*** Begin section ***

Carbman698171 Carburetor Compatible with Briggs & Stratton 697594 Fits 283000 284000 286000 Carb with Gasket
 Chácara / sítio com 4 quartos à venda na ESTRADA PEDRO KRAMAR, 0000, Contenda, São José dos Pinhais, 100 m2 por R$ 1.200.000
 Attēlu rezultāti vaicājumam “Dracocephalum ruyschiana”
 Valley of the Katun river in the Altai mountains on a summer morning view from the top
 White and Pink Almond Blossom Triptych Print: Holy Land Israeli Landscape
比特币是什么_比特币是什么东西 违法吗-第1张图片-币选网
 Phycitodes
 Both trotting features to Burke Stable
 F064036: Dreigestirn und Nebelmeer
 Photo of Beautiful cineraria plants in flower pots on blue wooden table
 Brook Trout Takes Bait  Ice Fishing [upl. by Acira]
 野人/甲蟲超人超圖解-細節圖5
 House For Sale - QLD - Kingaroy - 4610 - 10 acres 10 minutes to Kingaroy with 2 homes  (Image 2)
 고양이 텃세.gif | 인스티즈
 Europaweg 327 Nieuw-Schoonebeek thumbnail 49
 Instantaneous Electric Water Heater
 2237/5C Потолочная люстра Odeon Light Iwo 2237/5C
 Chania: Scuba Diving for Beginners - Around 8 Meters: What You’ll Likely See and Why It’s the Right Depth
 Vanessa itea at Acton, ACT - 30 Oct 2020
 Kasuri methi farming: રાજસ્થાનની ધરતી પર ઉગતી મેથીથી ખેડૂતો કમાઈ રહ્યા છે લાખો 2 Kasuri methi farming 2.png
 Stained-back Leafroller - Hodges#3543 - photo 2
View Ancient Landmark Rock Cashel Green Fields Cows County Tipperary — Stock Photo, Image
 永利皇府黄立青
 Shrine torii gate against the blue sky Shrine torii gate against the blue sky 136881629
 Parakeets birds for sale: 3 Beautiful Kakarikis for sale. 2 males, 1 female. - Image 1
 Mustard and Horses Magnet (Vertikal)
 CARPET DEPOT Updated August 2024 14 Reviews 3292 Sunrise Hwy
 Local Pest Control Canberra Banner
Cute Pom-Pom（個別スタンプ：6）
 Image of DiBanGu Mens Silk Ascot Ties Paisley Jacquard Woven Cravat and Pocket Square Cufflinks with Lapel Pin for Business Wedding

*** End section ***

__Description of the task__:
Write the entries out once more, exactly as given.

__Result for this task__:
Carbman698171 Carburetor Compatible with Briggs & Stratton 697594 Fits 283000 284000 286000 Carb with Gasket
 Chácara / sítio com 4 quartos à venda na ESTRADA PEDRO KRAMAR, 0000, Contenda, São José dos Pinhais, 100 m2 por R$ 1.200.000
 Attēlu rezultāti vaicājumam “Dracocephalum ruyschiana”
 Valley of the Katun river in the Altai mountains on a summer morning view from the top
 White and Pink Almond Blossom Triptych Print: Holy Land Israeli Landscape
比特币是什么_比特币是什么东西 违法吗-第1张图片-币选网
 Phycitodes
 Both trotting features to Burke Stable
 F064036: Dreigestirn und Nebelmeer
 Photo of Beautiful cineraria plants in flower pots on blue wooden table
 Brook Trout Takes Bait  Ice Fishing [upl. by Acira]
 野人/甲蟲超人超圖解-細節圖5
 House For Sale - QLD - Kingaroy - 4610 - 10 acres 10 minutes to Kingaroy with 2 homes  (Image 2)
 고양이 텃세.gif | 인스티즈
 Europaweg 327 Nieuw-Schoonebeek thumbnail 49
 Instantaneous Electric Water Heater
 2237/5C Потолочная люстра Odeon Light Iwo 2237/5C
 Chania: Scuba Diving for Beginners - Around 8 Meters: What You’ll Likely See and Why It’s the Right Depth
 Vanessa itea at Acton, ACT - 30 Oct 2020
 Kasuri methi farming: રાજસ્થાનની ધરતી પર ઉગતી મેથીથી ખેડૂતો કમાઈ રહ્યા છે લાખો 2 Kasuri methi farming 2.png
 Stained-back Leafroller - Hodges#3543 - photo 2
View Ancient Landmark Rock Cashel Green Fields Cows County Tipperary — Stock Photo, Image
 永利皇府黄立青
 Shrine torii gate against the blue sky Shrine torii gate against the blue sky 136881629
 Parakeets birds for sale: 3 Beautiful Kakarikis for sale. 2 males, 1 female. - Image 1
 Mustard and Horses Magnet (Vertikal)
 CARPET DEPOT Updated August 2024 14 Reviews 3292 Sunrise Hwy
 Local Pest Control Canberra Banner
Cute Pom-Pom（個別スタンプ：6）
 Image of DiBanGu Mens Silk Ascot Ties Paisley Jacquard Woven Cravat and Pocket Square Cufflinks with Lapel Pin for Business Wedding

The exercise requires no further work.